Simone Simoni
Avviato alla carriera militare nel 1904, Simone Simoni l'aveva compiuta tutta partecipando alla campagna di Libia e alla prima guerra mondiale. Era generale quando, nel 1932, era stato collocato nella riserva per infermità dovuta a causa di guerra. L'alto ufficiale diventò così presidente di una società commerciale di Roma. Svolgeva la sua professione, quando apprese che il figlio Gastone, capitano di cavalleria, paracadutista della "Folgore", era caduto, nell'ottobre del 1942, ad El Alamein (sarebbe poi stato decorato di MdO alla memoria).

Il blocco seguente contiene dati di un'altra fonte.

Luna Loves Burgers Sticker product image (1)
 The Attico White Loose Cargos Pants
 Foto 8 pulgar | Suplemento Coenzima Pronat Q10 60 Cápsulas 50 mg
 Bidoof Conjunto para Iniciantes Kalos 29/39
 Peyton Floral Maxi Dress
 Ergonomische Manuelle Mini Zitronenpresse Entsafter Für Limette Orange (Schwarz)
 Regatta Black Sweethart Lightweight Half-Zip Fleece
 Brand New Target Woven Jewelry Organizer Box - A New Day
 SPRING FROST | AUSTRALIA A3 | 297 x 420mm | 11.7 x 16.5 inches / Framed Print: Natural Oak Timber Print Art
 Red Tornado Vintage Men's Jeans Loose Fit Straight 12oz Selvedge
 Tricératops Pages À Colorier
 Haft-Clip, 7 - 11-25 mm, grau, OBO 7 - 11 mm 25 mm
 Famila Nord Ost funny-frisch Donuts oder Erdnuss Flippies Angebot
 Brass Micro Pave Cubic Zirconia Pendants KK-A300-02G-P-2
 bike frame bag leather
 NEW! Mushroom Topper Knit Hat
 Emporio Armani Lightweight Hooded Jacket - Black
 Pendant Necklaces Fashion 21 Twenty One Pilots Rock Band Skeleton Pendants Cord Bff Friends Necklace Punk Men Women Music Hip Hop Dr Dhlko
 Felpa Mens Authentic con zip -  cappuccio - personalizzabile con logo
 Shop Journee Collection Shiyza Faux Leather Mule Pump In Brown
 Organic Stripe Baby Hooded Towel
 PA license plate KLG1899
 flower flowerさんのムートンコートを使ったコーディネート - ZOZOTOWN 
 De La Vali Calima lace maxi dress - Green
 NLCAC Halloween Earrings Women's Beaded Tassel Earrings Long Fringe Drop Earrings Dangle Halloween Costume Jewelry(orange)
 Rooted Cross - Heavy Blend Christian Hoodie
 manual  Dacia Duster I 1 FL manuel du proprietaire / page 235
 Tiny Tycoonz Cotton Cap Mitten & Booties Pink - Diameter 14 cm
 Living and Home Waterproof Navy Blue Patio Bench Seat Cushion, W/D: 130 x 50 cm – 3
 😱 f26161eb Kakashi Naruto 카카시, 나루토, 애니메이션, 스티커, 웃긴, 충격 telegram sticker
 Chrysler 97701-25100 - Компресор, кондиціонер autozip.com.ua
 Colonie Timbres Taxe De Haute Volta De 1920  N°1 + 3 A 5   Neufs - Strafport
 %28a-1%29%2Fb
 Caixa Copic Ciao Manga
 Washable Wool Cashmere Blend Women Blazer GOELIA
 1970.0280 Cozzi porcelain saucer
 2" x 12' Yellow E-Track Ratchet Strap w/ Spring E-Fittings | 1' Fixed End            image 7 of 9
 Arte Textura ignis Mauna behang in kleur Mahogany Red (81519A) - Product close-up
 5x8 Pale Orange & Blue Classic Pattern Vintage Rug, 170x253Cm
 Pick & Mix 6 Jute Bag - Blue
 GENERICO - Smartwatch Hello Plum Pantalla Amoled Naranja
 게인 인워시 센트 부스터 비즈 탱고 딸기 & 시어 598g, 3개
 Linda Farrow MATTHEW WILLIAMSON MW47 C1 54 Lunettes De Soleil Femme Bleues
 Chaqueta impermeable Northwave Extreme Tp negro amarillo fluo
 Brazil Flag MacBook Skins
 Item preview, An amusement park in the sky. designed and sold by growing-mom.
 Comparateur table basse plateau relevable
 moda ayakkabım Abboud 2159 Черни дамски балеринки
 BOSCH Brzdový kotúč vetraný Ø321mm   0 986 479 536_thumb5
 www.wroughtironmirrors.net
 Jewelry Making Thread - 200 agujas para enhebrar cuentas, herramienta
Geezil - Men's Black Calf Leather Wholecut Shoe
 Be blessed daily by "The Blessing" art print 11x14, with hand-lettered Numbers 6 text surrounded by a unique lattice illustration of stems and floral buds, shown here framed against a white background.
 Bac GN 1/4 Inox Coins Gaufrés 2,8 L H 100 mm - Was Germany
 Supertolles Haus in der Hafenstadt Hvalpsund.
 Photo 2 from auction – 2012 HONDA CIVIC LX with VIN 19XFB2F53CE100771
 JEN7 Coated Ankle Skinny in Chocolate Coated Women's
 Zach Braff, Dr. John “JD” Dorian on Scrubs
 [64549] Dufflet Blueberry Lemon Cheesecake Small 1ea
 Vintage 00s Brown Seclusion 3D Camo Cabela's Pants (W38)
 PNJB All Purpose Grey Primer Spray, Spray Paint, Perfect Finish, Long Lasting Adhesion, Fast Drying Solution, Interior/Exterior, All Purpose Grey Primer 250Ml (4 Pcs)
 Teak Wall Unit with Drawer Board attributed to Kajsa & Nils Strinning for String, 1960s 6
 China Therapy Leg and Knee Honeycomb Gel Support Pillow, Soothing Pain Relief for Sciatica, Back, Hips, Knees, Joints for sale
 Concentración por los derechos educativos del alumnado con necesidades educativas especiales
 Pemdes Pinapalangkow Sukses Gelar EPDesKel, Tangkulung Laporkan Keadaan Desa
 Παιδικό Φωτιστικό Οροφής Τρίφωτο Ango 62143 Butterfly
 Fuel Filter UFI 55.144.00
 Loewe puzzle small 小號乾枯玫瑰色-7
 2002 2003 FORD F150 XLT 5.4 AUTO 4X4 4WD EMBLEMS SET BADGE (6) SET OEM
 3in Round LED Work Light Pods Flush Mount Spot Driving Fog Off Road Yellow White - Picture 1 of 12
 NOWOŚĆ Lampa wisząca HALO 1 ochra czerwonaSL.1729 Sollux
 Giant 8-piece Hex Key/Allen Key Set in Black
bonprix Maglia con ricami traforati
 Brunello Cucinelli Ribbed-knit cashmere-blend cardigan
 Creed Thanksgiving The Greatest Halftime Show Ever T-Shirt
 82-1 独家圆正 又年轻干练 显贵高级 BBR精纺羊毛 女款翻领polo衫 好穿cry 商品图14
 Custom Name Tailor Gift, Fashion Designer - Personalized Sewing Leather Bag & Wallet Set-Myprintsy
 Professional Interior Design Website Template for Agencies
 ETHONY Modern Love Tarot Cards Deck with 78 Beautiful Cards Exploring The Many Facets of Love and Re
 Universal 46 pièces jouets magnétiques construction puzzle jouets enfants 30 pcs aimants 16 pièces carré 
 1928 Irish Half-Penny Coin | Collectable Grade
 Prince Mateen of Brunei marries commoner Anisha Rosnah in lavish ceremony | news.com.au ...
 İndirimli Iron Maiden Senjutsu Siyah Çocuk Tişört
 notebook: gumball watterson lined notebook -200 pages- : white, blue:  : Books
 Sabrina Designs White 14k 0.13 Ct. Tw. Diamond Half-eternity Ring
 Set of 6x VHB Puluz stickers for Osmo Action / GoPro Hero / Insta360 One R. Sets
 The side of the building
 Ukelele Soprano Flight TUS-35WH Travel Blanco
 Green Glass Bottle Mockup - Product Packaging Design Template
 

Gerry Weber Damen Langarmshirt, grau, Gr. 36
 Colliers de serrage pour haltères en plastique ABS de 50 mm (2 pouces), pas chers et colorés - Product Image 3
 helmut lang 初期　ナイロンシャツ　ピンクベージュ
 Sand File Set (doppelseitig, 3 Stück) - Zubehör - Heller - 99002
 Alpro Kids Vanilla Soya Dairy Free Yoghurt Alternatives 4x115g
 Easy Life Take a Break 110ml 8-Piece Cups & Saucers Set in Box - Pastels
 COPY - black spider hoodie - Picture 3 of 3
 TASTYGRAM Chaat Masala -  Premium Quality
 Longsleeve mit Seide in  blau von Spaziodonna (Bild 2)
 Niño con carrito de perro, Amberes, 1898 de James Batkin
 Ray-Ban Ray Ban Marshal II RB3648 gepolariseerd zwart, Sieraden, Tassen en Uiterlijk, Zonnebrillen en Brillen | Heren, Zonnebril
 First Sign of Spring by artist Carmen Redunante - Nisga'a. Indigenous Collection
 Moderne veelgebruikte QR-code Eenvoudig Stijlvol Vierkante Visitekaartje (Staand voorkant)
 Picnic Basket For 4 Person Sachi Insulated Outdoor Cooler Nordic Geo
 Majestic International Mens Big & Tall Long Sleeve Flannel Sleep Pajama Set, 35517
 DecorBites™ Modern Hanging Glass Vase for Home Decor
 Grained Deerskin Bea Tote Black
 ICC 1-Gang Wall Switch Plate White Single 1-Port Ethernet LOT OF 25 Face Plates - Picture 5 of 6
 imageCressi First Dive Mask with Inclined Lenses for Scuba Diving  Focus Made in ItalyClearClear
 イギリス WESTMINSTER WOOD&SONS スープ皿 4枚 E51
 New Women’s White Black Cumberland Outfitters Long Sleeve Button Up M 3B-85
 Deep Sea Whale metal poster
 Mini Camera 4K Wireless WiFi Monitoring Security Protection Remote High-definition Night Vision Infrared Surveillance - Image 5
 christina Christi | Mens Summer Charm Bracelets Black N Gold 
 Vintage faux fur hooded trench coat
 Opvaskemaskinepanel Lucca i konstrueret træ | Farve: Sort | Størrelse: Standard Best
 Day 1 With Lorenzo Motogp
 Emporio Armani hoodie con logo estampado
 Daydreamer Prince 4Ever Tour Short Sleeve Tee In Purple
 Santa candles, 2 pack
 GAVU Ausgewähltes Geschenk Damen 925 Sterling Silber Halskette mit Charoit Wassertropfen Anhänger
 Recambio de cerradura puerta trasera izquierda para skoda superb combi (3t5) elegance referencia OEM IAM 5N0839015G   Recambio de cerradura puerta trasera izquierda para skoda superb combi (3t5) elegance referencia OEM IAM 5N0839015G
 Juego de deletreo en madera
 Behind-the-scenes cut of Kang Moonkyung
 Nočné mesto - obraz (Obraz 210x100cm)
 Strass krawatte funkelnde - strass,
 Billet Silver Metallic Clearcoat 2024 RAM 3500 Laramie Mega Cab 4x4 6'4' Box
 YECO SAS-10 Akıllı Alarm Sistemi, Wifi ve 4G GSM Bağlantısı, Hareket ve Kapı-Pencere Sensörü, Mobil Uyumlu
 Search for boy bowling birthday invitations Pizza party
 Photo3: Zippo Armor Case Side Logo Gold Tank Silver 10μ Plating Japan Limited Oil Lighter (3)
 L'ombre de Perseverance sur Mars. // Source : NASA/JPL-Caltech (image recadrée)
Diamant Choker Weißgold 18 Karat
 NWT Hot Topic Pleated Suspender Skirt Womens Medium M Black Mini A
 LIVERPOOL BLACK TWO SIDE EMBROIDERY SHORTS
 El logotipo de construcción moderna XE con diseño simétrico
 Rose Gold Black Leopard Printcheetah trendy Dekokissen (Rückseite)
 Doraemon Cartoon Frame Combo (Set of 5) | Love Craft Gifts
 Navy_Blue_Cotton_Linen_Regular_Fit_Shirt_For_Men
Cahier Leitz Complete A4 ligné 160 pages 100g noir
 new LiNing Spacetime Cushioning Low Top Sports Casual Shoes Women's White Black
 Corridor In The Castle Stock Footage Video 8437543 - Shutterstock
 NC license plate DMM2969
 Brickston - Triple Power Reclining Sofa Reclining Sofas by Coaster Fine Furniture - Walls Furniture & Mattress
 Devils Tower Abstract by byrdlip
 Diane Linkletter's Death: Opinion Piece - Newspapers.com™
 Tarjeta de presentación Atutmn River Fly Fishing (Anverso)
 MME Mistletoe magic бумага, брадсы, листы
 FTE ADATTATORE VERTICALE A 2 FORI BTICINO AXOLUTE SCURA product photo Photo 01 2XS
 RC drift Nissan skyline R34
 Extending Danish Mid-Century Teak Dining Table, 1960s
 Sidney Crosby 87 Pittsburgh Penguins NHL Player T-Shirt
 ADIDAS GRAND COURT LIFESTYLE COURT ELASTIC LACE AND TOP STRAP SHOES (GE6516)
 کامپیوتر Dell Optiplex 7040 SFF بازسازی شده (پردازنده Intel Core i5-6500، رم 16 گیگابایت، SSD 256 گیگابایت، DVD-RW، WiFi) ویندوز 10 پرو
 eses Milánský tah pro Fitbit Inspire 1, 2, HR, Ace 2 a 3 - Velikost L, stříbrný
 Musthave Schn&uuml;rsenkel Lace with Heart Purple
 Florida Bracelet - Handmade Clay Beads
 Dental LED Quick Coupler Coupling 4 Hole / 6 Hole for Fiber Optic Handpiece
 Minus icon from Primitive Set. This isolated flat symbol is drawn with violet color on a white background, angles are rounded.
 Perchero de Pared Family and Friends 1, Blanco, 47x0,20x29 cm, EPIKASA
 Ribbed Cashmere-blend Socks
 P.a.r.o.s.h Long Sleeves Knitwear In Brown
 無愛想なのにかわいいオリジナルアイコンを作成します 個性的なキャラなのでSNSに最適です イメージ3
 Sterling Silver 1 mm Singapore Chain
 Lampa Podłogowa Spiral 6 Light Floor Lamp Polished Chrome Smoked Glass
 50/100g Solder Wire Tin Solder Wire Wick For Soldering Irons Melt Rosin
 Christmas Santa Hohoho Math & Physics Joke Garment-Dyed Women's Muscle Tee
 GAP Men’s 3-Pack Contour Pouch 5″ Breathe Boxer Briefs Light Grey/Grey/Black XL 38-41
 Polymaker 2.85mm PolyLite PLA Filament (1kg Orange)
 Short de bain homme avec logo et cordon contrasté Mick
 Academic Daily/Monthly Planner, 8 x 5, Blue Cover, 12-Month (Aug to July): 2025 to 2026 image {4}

Nonostante l'invalidità, Simone Simoni, dopo l'armistizio, fu tra i più convinti sostenitori della necessità di difendere la capitale dai tedeschi. Occupata Roma, l'anziano generale, entrato a far parte del Fronte militare clandestino di Montezemolo, fece del proprio ufficio e della casa che abitava, centri d'azione cospirativa, ai quali facevano capo ufficiali ed uomini politici. Simone Simoni nascose ed aiutò ufficiali e soldati e si assunse l'onere di numerose missioni. Il 22 gennaio del 1944, le SS irruppero nell'abitazione di Simoni e lo arrestarono.
Rinchiuso nella cella n° 12 di via Tasso, il generale resistette alle torture. Non parlò nemmeno quando, per estorcergli una confessione, i tedeschi inscenarono una finta fucilazione. Simoni fu poi ucciso alle Ardeatine, a due mesi dall'arresto.